GAELIC GAMES:Two years into the job as manager and Jim McGuinness has transformed Donegal from a wounded animal into the talk of the town, all the while learning as he goes. Now he's ready to hand out his biggest lesson of all, writes KEITH DUGGAN
THE LEAN man from Glenties forgets nothing. It is well after 11 o’clock on a balmy Tuesday night in Ballybofey (and there aren’t too many of those) where the main street is – like every main street in Donegal – laden with green and yellow flags and bunting.
Strange days: Tír Conaill has forgotten itself: the county has become euphoric and uncharacteristically noisy at the prospect of winning an All-Ireland title. Many telegraph poles are dressed with the by now celebrated mural where the Donegal man’s face is transposed onto the immortal image of Che Guevara, beret pulled low and gazing out over the message Until Victory Always.
Is it a revolution?
Well, in just two years, McGuinness has transformed the county football team from what it was – a wounded thing – into what it has become: the talk of the town. And for a few hours, McGuinness has been talking – to television broadcasters, radio interviewers and newspaper people.
By now most people have departed and after draining the last few drops of tea from a metal dispenser, he settles back into a chair and answers the questions of about 20 newspaper people, cordially and at length. It is late and the town feels sleepy and McGuinness gives the impression that he is in no rush: Jackson’s Hotel Midnight court. Here he is now explaining why he loves coaching the game tonight and his mind projects an instant not from Donegal’s recent hair-raising adventures in Croke Park but to his days with Limavady College.
Gaelic football tradition hardly formed a central part of the college charter: there had never been a team before McGuinness arrived there. So he formed a club and begged, borrowed and stole from the soccer club, the cricket club, the debating club. Whoever.
They won the league in their first year of existence and the championship the year after that.

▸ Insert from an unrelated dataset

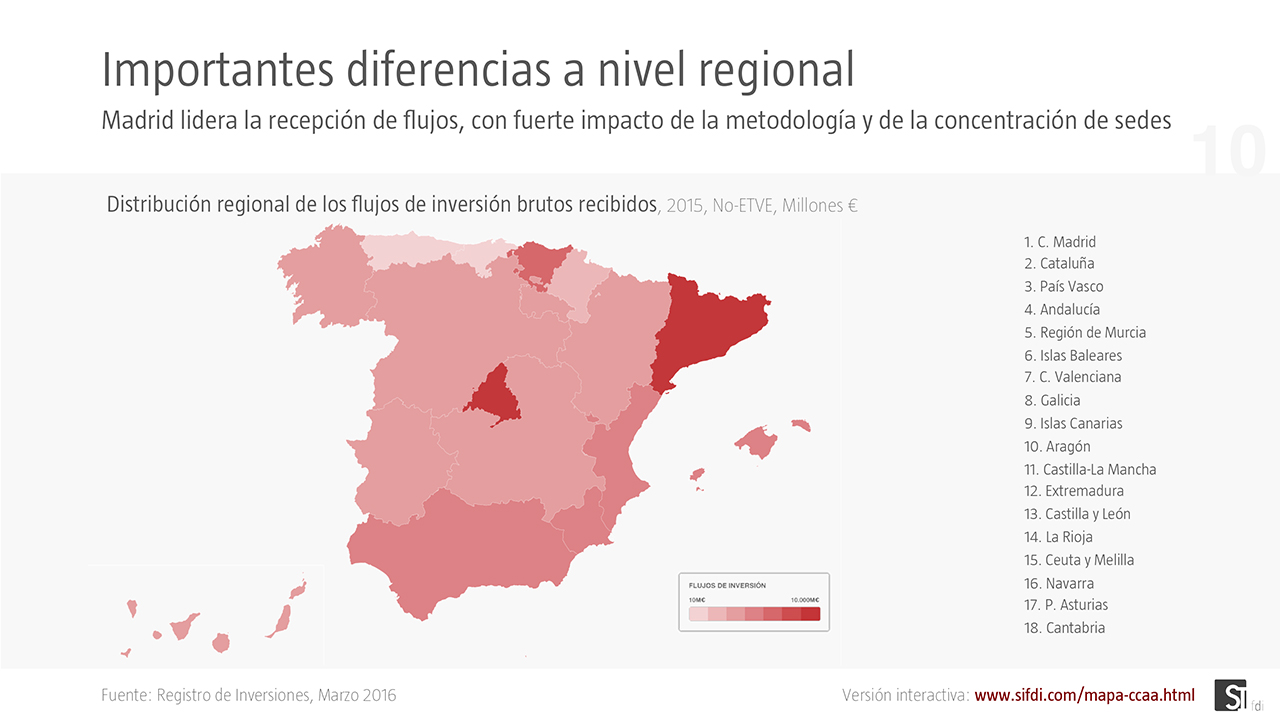 Resumen anual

“There was a young lad that never played the game before and he came on in the final of the second year for about five minutes,” McGuinness recalls with enthusiasm.
“And he won the ball. And he slipped the ball and about a couple of minutes after that, he won the ball and slipped the ball and somebody else kicked it over the bar. And that was the best buzz I ever got out of football coaching. Because this young fella had never set foot on a pitch before and all of a sudden, at a very small level, he was part of a winning team. And his face and his team-mates’ faces looking at him was unbelievable.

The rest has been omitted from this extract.